(MATERIALS PROVIDED):
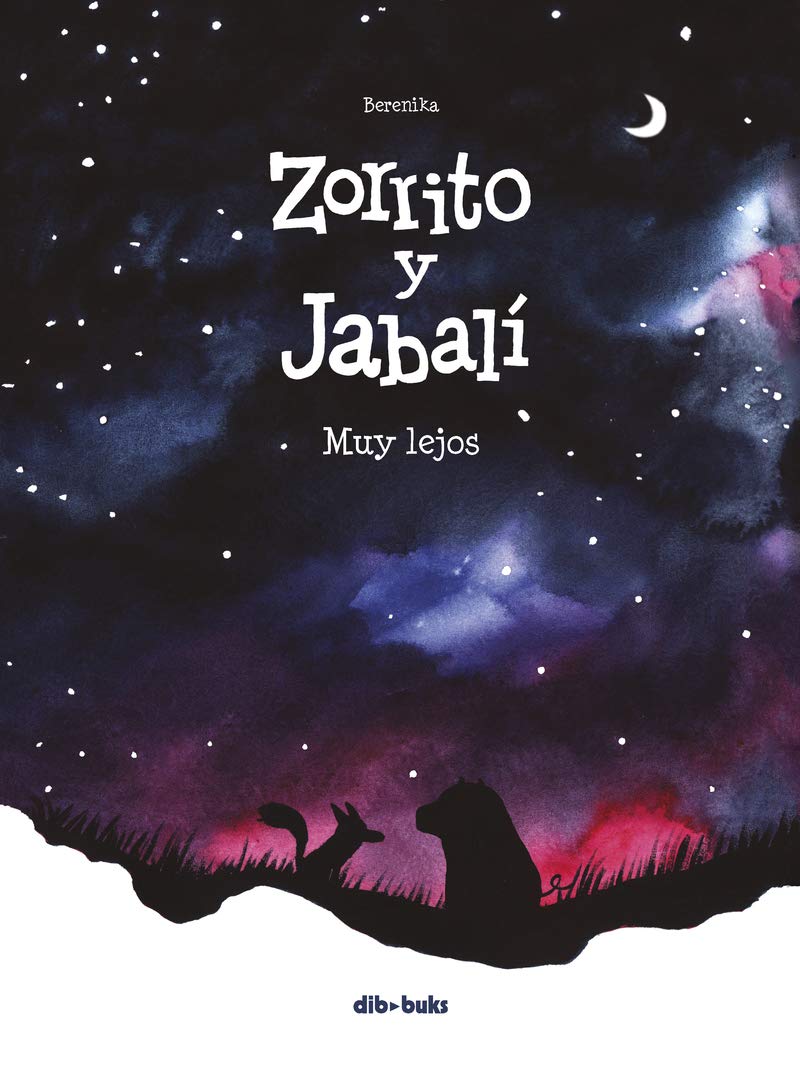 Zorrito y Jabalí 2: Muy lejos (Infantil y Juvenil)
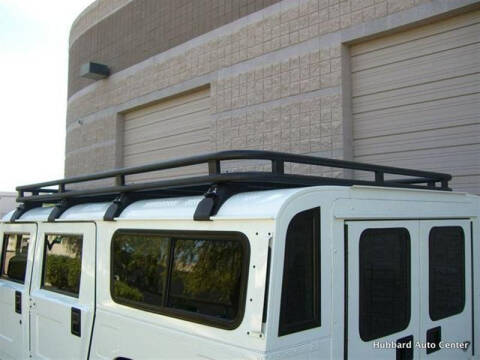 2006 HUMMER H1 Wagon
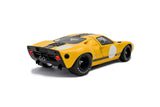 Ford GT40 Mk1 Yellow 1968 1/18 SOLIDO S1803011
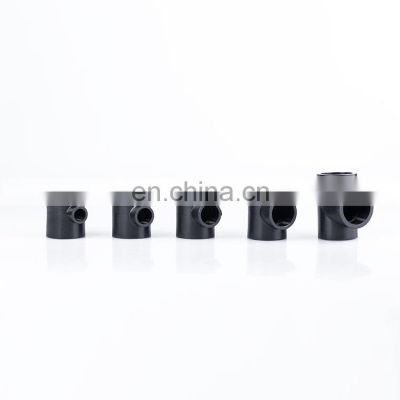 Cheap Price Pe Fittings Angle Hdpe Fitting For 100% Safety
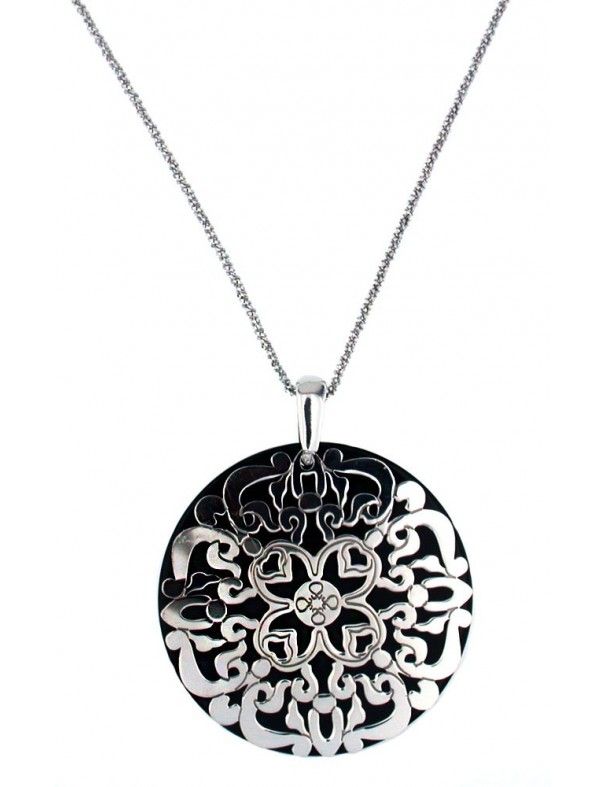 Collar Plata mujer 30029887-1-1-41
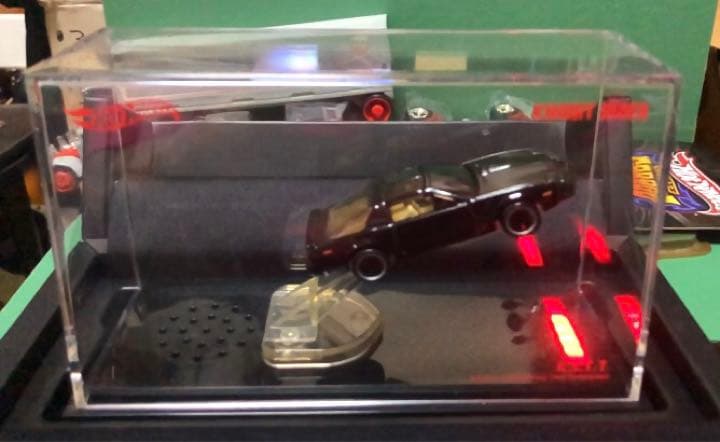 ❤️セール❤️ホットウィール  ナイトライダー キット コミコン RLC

--

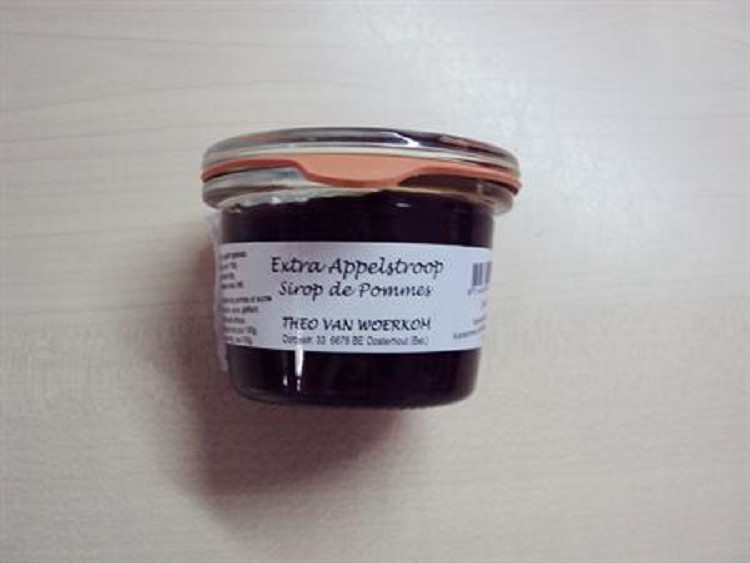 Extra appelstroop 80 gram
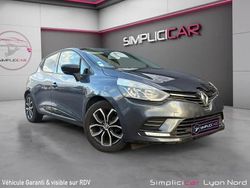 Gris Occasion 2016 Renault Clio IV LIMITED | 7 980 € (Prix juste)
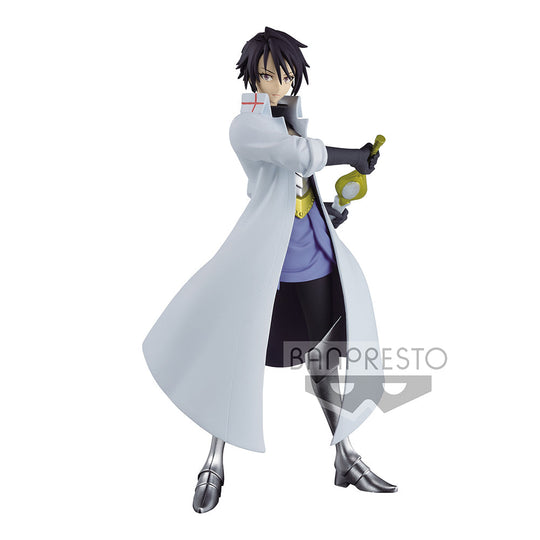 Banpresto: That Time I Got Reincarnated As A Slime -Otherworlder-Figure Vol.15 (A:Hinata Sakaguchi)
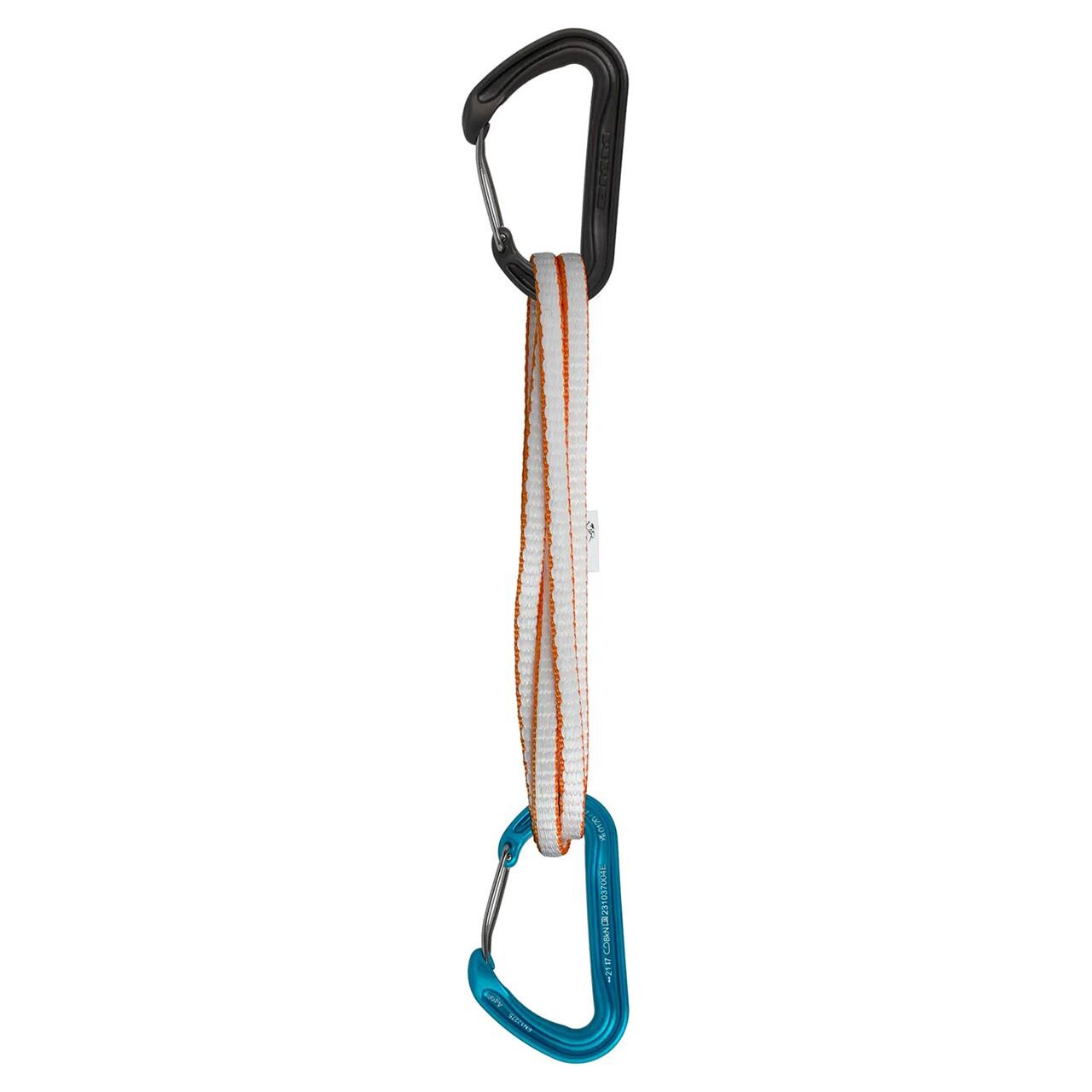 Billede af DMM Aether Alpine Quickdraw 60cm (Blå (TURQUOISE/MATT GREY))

(EXERCISE DIRECTIONS):
In the listing above, find the line containing "Gris Occasion 2016" and the line containing "Billede af DMM", then print exactly those two lines and every line between them, minus the pictures.

(YOUR RESPONSE):
 Gris Occasion 2016 Renault Clio IV LIMITED | 7 980 € (Prix juste)
 Banpresto: That Time I Got Reincarnated As A Slime -Otherworlder-Figure Vol.15 (A:Hinata Sakaguchi)
 Billede af DMM Aether Alpine Quickdraw 60cm (Blå (TURQUOISE/MATT GREY))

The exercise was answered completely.